#### Task directions:
A word-for-word restatement of all the records is the required answer.

#### Given data:
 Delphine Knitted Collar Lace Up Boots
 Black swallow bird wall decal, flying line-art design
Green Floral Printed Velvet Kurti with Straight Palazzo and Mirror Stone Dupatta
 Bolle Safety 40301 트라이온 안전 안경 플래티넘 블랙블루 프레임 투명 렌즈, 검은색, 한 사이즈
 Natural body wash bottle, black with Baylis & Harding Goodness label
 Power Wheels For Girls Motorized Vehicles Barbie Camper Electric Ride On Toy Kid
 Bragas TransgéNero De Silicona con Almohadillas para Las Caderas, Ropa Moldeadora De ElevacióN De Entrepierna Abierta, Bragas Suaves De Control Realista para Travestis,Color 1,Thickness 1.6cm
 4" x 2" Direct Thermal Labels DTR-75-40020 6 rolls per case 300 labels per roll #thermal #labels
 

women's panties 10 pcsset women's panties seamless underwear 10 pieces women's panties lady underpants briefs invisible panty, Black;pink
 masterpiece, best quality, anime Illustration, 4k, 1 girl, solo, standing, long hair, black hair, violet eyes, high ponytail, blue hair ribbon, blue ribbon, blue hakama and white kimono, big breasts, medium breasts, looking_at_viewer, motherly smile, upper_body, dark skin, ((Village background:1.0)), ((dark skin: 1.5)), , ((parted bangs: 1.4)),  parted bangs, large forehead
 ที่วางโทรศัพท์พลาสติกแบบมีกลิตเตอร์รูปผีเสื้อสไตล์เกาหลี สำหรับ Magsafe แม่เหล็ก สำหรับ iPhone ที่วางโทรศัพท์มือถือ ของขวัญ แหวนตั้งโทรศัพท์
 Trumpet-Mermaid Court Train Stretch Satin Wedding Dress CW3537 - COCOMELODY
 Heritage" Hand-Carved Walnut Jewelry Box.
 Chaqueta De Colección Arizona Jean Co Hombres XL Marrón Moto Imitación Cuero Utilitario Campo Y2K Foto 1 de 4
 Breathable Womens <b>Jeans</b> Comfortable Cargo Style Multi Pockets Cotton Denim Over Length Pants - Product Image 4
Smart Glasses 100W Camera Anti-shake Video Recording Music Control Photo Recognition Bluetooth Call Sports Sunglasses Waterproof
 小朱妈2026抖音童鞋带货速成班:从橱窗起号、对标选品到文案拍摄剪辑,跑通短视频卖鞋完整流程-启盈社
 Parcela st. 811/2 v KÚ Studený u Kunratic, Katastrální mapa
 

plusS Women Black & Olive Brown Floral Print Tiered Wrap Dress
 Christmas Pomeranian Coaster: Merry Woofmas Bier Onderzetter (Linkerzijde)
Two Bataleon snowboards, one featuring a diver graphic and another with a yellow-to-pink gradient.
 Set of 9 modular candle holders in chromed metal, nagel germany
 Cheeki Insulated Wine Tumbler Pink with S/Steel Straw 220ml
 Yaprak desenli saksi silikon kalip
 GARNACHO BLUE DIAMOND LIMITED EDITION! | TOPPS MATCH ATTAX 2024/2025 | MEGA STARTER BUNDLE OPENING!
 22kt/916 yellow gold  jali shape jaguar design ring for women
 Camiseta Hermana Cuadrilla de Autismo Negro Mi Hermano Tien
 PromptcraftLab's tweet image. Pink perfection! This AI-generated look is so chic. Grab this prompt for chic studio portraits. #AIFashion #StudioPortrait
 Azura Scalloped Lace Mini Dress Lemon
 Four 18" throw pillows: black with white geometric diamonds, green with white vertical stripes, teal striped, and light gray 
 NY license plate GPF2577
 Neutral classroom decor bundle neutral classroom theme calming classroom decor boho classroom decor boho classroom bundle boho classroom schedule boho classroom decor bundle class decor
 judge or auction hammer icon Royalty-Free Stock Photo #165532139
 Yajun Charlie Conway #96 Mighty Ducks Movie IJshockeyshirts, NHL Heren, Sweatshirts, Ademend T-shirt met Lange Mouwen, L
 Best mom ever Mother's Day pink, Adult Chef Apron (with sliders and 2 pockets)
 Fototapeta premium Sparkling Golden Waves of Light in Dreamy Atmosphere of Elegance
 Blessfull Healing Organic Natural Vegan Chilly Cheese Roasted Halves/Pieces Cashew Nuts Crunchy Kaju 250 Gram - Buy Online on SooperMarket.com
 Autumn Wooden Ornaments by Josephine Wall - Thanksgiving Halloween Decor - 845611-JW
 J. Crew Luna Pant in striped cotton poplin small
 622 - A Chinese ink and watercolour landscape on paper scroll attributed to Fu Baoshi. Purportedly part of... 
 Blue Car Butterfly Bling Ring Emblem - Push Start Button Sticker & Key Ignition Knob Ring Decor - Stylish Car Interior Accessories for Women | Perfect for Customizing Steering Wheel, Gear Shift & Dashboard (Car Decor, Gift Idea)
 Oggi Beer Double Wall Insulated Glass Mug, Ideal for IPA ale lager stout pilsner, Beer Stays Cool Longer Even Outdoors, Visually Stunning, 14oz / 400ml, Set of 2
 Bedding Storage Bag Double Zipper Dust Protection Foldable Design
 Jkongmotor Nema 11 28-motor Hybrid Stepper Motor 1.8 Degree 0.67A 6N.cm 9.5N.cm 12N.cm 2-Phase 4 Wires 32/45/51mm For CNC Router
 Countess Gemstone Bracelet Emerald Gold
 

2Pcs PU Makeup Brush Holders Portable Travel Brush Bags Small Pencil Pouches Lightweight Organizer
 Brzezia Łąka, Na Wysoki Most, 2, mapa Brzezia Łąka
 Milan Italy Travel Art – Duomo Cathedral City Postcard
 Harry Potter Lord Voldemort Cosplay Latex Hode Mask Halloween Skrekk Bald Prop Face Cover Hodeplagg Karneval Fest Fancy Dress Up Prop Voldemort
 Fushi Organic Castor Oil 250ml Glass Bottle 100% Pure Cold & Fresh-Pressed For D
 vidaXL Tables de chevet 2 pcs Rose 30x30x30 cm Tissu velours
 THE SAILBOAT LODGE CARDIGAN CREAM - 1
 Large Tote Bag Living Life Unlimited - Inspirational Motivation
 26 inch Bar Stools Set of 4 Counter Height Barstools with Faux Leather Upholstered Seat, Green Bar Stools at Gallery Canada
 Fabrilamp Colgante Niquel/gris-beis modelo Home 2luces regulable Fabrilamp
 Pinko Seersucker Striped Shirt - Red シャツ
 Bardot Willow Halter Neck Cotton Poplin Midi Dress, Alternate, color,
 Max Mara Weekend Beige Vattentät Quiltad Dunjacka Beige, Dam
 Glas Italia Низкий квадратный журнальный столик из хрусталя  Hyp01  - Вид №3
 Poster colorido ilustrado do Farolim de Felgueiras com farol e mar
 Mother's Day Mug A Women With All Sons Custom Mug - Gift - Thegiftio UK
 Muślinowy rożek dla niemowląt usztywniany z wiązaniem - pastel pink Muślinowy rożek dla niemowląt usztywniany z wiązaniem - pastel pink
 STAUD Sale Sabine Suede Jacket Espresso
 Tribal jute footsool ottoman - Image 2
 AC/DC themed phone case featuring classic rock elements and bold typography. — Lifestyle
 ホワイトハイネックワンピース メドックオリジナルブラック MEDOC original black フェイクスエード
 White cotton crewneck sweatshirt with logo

#### Result of this task:
 Delphine Knitted Collar Lace Up Boots
 Black swallow bird wall decal, flying line-art design
Green Floral Printed Velvet Kurti with Straight Palazzo and Mirror Stone Dupatta
 Bolle Safety 40301 트라이온 안전 안경 플래티넘 블랙블루 프레임 투명 렌즈, 검은색, 한 사이즈
 Natural body wash bottle, black with Baylis & Harding Goodness label
 Power Wheels For Girls Motorized Vehicles Barbie Camper Electric Ride On Toy Kid
 Bragas TransgéNero De Silicona con Almohadillas para Las Caderas, Ropa Moldeadora De ElevacióN De Entrepierna Abierta, Bragas Suaves De Control Realista para Travestis,Color 1,Thickness 1.6cm
 4" x 2" Direct Thermal Labels DTR-75-40020 6 rolls per case 300 labels per roll #thermal #labels
 

women's panties 10 pcsset women's panties seamless underwear 10 pieces women's panties lady underpants briefs invisible panty, Black;pink
 masterpiece, best quality, anime Illustration, 4k, 1 girl, solo, standing, long hair, black hair, violet eyes, high ponytail, blue hair ribbon, blue ribbon, blue hakama and white kimono, big breasts, medium breasts, looking_at_viewer, motherly smile, upper_body, dark skin, ((Village background:1.0)), ((dark skin: 1.5)), , ((parted bangs: 1.4)),  parted bangs, large forehead
 ที่วางโทรศัพท์พลาสติกแบบมีกลิตเตอร์รูปผีเสื้อสไตล์เกาหลี สำหรับ Magsafe แม่เหล็ก สำหรับ iPhone ที่วางโทรศัพท์มือถือ ของขวัญ แหวนตั้งโทรศัพท์
 Trumpet-Mermaid Court Train Stretch Satin Wedding Dress CW3537 - COCOMELODY
 Heritage" Hand-Carved Walnut Jewelry Box.
 Chaqueta De Colección Arizona Jean Co Hombres XL Marrón Moto Imitación Cuero Utilitario Campo Y2K Foto 1 de 4
 Breathable Womens <b>Jeans</b> Comfortable Cargo Style Multi Pockets Cotton Denim Over Length Pants - Product Image 4
Smart Glasses 100W Camera Anti-shake Video Recording Music Control Photo Recognition Bluetooth Call Sports Sunglasses Waterproof
 小朱妈2026抖音童鞋带货速成班:从橱窗起号、对标选品到文案拍摄剪辑,跑通短视频卖鞋完整流程-启盈社
 Parcela st. 811/2 v KÚ Studený u Kunratic, Katastrální mapa
 

plusS Women Black & Olive Brown Floral Print Tiered Wrap Dress
 Christmas Pomeranian Coaster: Merry Woofmas Bier Onderzetter (Linkerzijde)
Two Bataleon snowboards, one featuring a diver graphic and another with a yellow-to-pink gradient.
 Set of 9 modular candle holders in chromed metal, nagel germany
 Cheeki Insulated Wine Tumbler Pink with S/Steel Straw 220ml
 Yaprak desenli saksi silikon kalip
 GARNACHO BLUE DIAMOND LIMITED EDITION! | TOPPS MATCH ATTAX 2024/2025 | MEGA STARTER BUNDLE OPENING!
 22kt/916 yellow gold  jali shape jaguar design ring for women
 Camiseta Hermana Cuadrilla de Autismo Negro Mi Hermano Tien
 PromptcraftLab's tweet image. Pink perfection! This AI-generated look is so chic. Grab this prompt for chic studio portraits. #AIFashion #StudioPortrait
 Azura Scalloped Lace Mini Dress Lemon
 Four 18" throw pillows: black with white geometric diamonds, green with white vertical stripes, teal striped, and light gray 
 NY license plate GPF2577
 Neutral classroom decor bundle neutral classroom theme calming classroom decor boho classroom decor boho classroom bundle boho classroom schedule boho classroom decor bundle class decor
 judge or auction hammer icon Royalty-Free Stock Photo #165532139
 Yajun Charlie Conway #96 Mighty Ducks Movie IJshockeyshirts, NHL Heren, Sweatshirts, Ademend T-shirt met Lange Mouwen, L
 Best mom ever Mother's Day pink, Adult Chef Apron (with sliders and 2 pockets)
 Fototapeta premium Sparkling Golden Waves of Light in Dreamy Atmosphere of Elegance
 Blessfull Healing Organic Natural Vegan Chilly Cheese Roasted Halves/Pieces Cashew Nuts Crunchy Kaju 250 Gram - Buy Online on SooperMarket.com
 Autumn Wooden Ornaments by Josephine Wall - Thanksgiving Halloween Decor - 845611-JW
 J. Crew Luna Pant in striped cotton poplin small
 622 - A Chinese ink and watercolour landscape on paper scroll attributed to Fu Baoshi. Purportedly part of... 
 Blue Car Butterfly Bling Ring Emblem - Push Start Button Sticker & Key Ignition Knob Ring Decor - Stylish Car Interior Accessories for Women | Perfect for Customizing Steering Wheel, Gear Shift & Dashboard (Car Decor, Gift Idea)
 Oggi Beer Double Wall Insulated Glass Mug, Ideal for IPA ale lager stout pilsner, Beer Stays Cool Longer Even Outdoors, Visually Stunning, 14oz / 400ml, Set of 2
 Bedding Storage Bag Double Zipper Dust Protection Foldable Design
 Jkongmotor Nema 11 28-motor Hybrid Stepper Motor 1.8 Degree 0.67A 6N.cm 9.5N.cm 12N.cm 2-Phase 4 Wires 32/45/51mm For CNC Router
 Countess Gemstone Bracelet Emerald Gold
 

2Pcs PU Makeup Brush Holders Portable Travel Brush Bags Small Pencil Pouches Lightweight Organizer
 Brzezia Łąka, Na Wysoki Most, 2, mapa Brzezia Łąka
 Milan Italy Travel Art – Duomo Cathedral City Postcard
 Harry Potter Lord Voldemort Cosplay Latex Hode Mask Halloween Skrekk Bald Prop Face Cover Hodeplagg Karneval Fest Fancy Dress Up Prop Voldemort
 Fushi Organic Castor Oil 250ml Glass Bottle 100% Pure Cold & Fresh-Pressed For D
 vidaXL Tables de chevet 2 pcs Rose 30x30x30 cm Tissu velours
 THE SAILBOAT LODGE CARDIGAN CREAM - 1
 Large Tote Bag Living Life Unlimited - Inspirational Motivation
 26 inch Bar Stools Set of 4 Counter Height Barstools with Faux Leather Upholstered Seat, Green Bar Stools at Gallery Canada
 Fabrilamp Colgante Niquel/gris-beis modelo Home 2luces regulable Fabrilamp
 Pinko Seersucker Striped Shirt - Red シャツ
 Bardot Willow Halter Neck Cotton Poplin Midi Dress, Alternate, color,
 Max Mara Weekend Beige Vattentät Quiltad Dunjacka Beige, Dam
 Glas Italia Низкий квадратный журнальный столик из хрусталя  Hyp01  - Вид №3
 Poster colorido ilustrado do Farolim de Felgueiras com farol e mar
 Mother's Day Mug A Women With All Sons Custom Mug - Gift - Thegiftio UK
 Muślinowy rożek dla niemowląt usztywniany z wiązaniem - pastel pink Muślinowy rożek dla niemowląt usztywniany z wiązaniem - pastel pink
 STAUD Sale Sabine Suede Jacket Espresso
 Tribal jute footsool ottoman - Image 2
 AC/DC themed phone case featuring classic rock elements and bold typography. — Lifestyle
 ホワイトハイネックワンピース メドックオリジナルブラック MEDOC original black フェイクスエード
 White cotton crewneck sweatshirt with logo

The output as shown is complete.